Die Initiative wurde von 34,5 Prozent angenommen, Bild: Klassengrössen-Initiative
Hilfe, wo es wirklich brennt, NZZ, 1.12. von Walter Bernet
Mit der Klassengrössen-Initiative wollte die EVP
definitiv zu viel. Über 1000 zusätzliche Lehrerstellen hätten geschaffen werden
müssen, um in der Zürcher Volksschule ausschliesslich Klassen mit 20 oder
weniger Schülern zu erreichen. Nur SP und AL hatten sich der Forderung
angeschlossen - und die organisierte Lehrerschaft. Neben pädagogischen
Argumenten rückte dadurch die entlastende Wirkung der Initiative für die
Lehrkräfte in den Vordergrund. Die Mischung ist nicht gut angekommen: Nur 34,5
Prozent der Stimmberechtigten befürworteten die Initiative.
Unbestritten ist aber, dass die Schule dort
Unterstützung braucht, wo tatsächlich Problemsituationen entstehen. Ohne
nennenswerte Kampagne hat der Gegenvorschlag des Kantonsrats, der nicht bei der
Klassengrösse ansetzt, sondern ins System etwas mehr personelle Ressourcen
einschleusen will, eine Mehrheit von 53,3 Prozent der Stimmen erhalten. Diese
ist vor allem den Städten Zürich (61,5 Prozent Ja-Stimmen) und Winterthur (55,8
Prozent) zu verdanken. Aber auch die Bezirke Affoltern, Horgen und Uster
stimmten zu.
Die Initiative fand in keiner Gemeinde Zustimmung.
In Schwamendingen unterstützten sie immerhin 44,7 Prozent und in Sternenberg
gar 49,2. Sternenberg ist die einzige Gemeinde im Kanton, die wenigstens bei
der Stichfrage der Initiative den Vorzug vor dem Gegenvorschlag gegeben hätte.
Letzteren lehnten die Sternenberger allerdings ebenfalls ganz knapp ab.
Bildungsdirektorin Regine Aeppli zeigte sich vor
den Medien am Sonntag froh darüber, dass die Initiative verworfen wurde. Sie
hätte grosse Umsetzungsschwierigkeiten und hohe Kosten mit sich gebracht.

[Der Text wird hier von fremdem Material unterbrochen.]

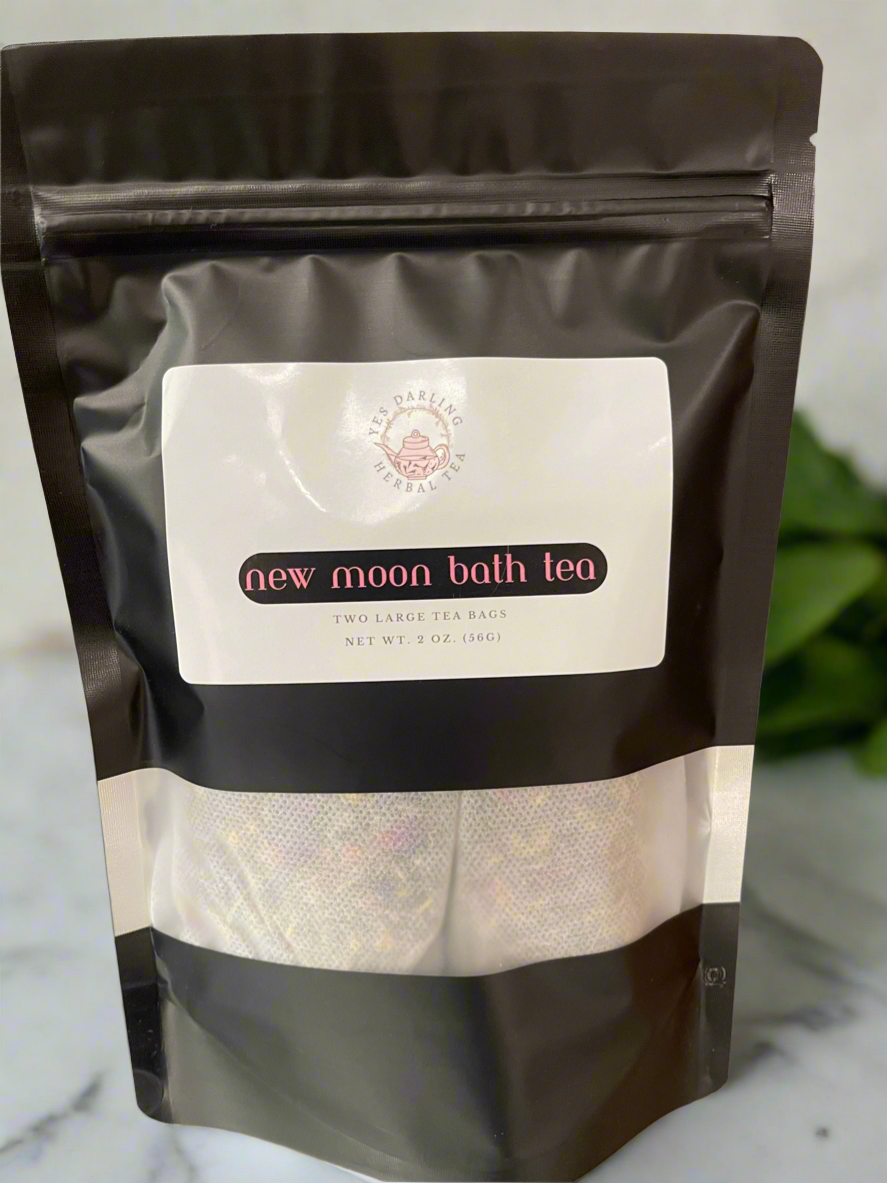 New Moon Bath Tea – Herbal Blend for Emotional Healing & Renewal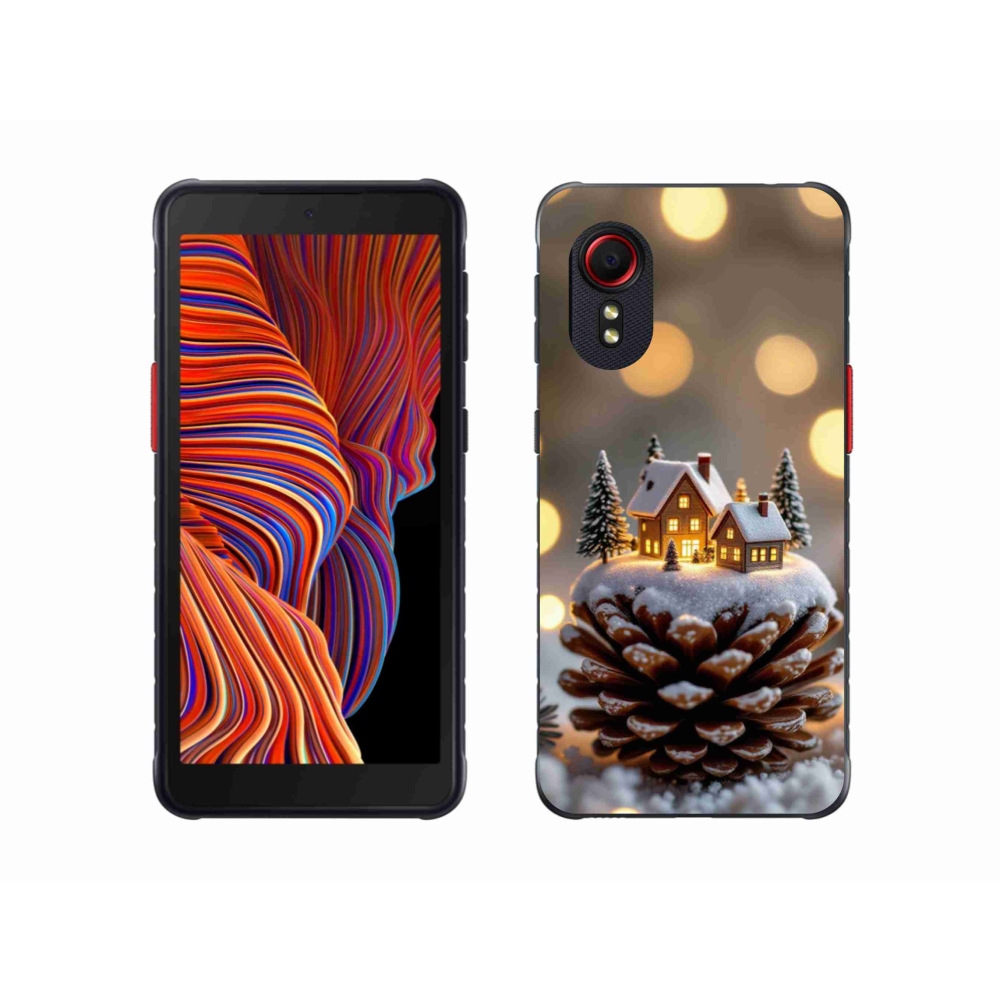 Gelový kryt mmCase na Samsung Galaxy Xcover 5 - zimní vesnička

Persönlich freute sie sich über die Annahme des von der Regierung abgelehnten
Gegenvorschlags. Sie wertete diese als Zeichen der Anerkennung der Bedeutung
der Volksschule. Wann der Gegenvorschlag in Kraft tritt, konnte Aeppli noch
nicht sagen. Die Umsetzung sei aber einfach, weil keine Gesetzesänderungen
nötig seien. Es wird lediglich der bestehende Reserve-Pool um 100 auf 260
Stellen aufgestockt. Diese Stellen müssten nicht ausgeschöpft werden, wenn sich
zeige, dass kein Bedarf herrsche.
Während sich der Sekundarlehrerverband SekZH
enttäuscht über die verweigerte Entlastung äusserte, sieht der Zürcher
Lehrerinnen- und Lehrerverband (ZLV) das Ergebnis als ersten Schritt Richtung
kleinere Klassen. Der Kampf gegen die Sparpolitik gehe aber weiter. Die Zürcher
Kantonale Mittelstufe (ZKM) fordert wieder Kleinklassen. Unter den nun nicht
verbesserten Rahmenbedingungen sei die Integration zum Scheitern verurteilt.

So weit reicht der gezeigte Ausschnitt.